# some new millipedes



## Team Gomberg (Nov 9, 2017)

I enjoy millipedes. They are so 'cute'  haha. But on a serious note they are very entertaining to watch, fun to handle and help teach kiddos about God's custodians in a tangible way 

Meet my Texas giant browns. I already had 2 and acquired 2 more tonight in a trade. (Gave up my bumblebee and pink footed mills for these. Score!)










Many years ago I had a group of the African Giant Black millies. Too bad I gave them away as they are now unavailable in the states. (But if you know of a supplier LET ME KNOW!)

So far, these guys are the next best thing. Decent size and very active. 
Did I mention cute?


----------



## Jimb (Nov 10, 2017)

Those are cool! How long do they live?


----------



## Yvonne G (Nov 10, 2017)

HAPPY BIRTHDAY, HEATHER!!!!!!!

(Ugh. . . I'm not a big fan of those creatures)


----------



## Grandpa Turtle 144 (Nov 10, 2017)




----------



## Team Gomberg (Nov 11, 2017)

Jimb said:


> Those are cool! How long do they live?



I've heard they can live 5, 7, or even 10 years although I'm careful to say for sure. My millipedes have all been wild caught and ages would be guesses at best.

And good news, I've found a source for the AGBs!
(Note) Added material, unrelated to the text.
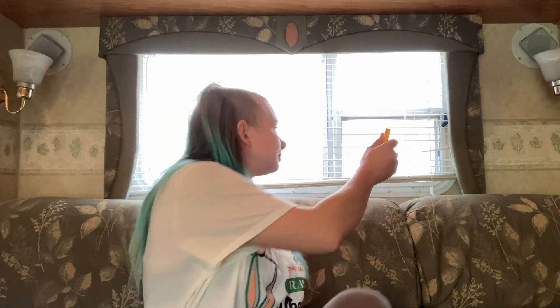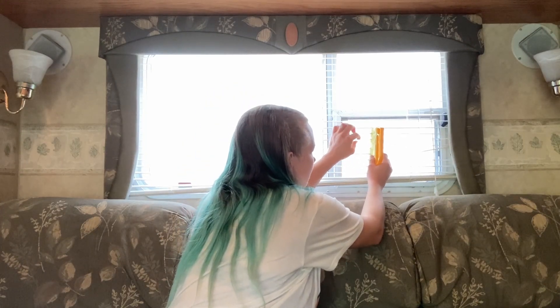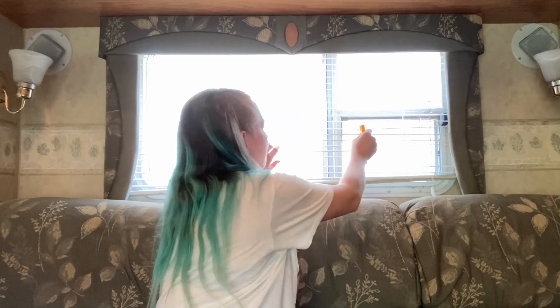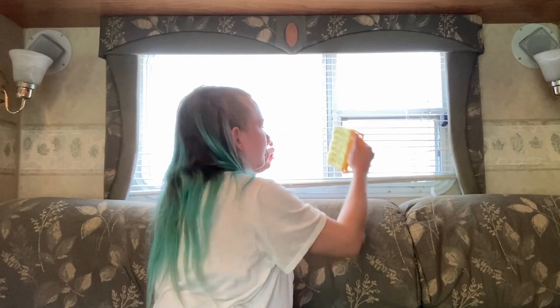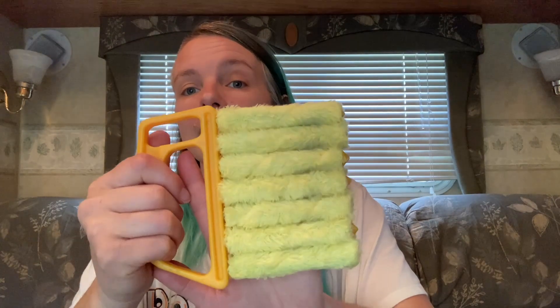Next up, this was $1.88 and it's a blinds cleaner — it cleans your blinds. My blinds were so hard to clean because I couldn't get in between the slats. Let me show it working — it would work even better with some cleaner on it, but the dirt is so caked on from the last owner. I'm excited to finally get the dirt and grime off my blinds, because a rag just wasn't getting it clean enough.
I'm in touch with them and they expect some early next year


----------



## Team Gomberg (Nov 11, 2017)

Yvonne G said:


> HAPPY BIRTHDAY, HEATHER!!!!!!!
> 
> (Ugh. . . I'm not a big fan of those creatures)



Thank you Yvonne. It was a happy one indeed.

Perhaps you'd be a fan of my Prickly stick insects? They are CUTE little nymphs right now


----------



## wellington (Nov 11, 2017)

Happy Birthday Heather. 
You totally threw me for a loop. Just never thought you would be a bug person. 
Me, not really into most bugs and I can't say they are cute, but not really ugly either.


----------



## Yvonne G (Nov 11, 2017)

My, my, my, my, my. . . you really have a diverse set of interests. Yes, I like the stick bugs, however, they're not for me. I just like to look at them.


----------



## Team Gomberg (Nov 11, 2017)

I also have a tarantula. She's my favorite. 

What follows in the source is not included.